→ **Exercise objective**
All entries below are to be returned exactly, with pictures left out.

(Scraped caption text data)
■ ■ ■

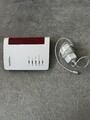 AVM FRITZ!Box 7530 Dual Band WLAN Router mit Integriertes VDSL Modem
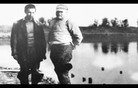 Neznámý Hemingway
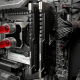 Memorija DDR4 16GB 2x8GB 3200MHZ Patriot Viper Steel Series Dual Channel PVS416G320C6K - 87521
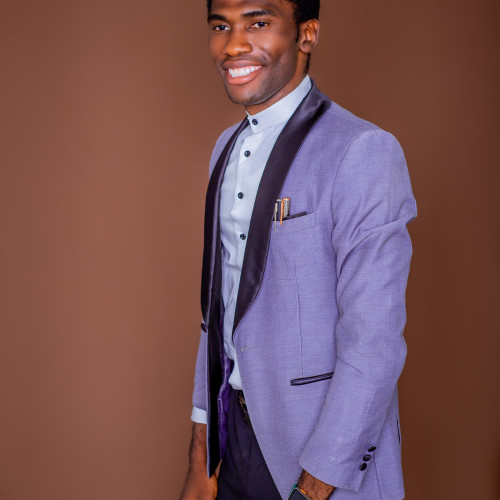 God'swill  I. profile photo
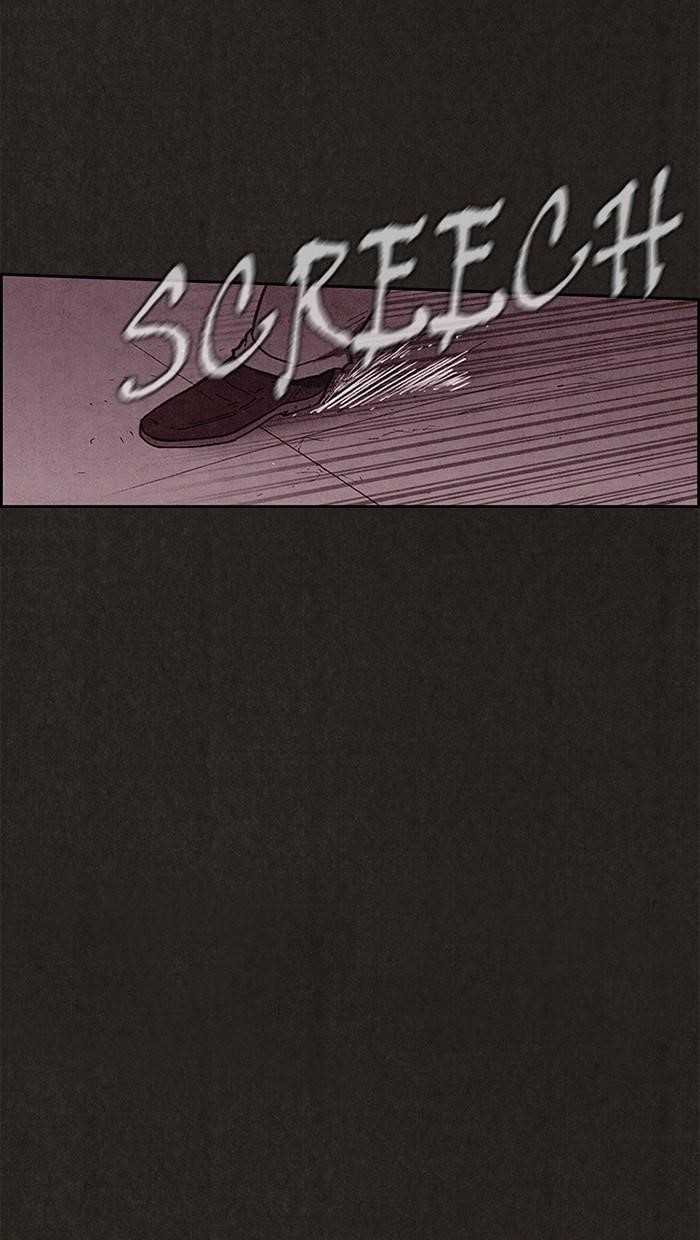 Page 13 of Chapter 95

■ ■ ■

→ **The completed task**
 AVM FRITZ!Box 7530 Dual Band WLAN Router mit Integriertes VDSL Modem
 Neznámý Hemingway
 Memorija DDR4 16GB 2x8GB 3200MHZ Patriot Viper Steel Series Dual Channel PVS416G320C6K - 87521
 God'swill  I. profile photo
 Page 13 of Chapter 95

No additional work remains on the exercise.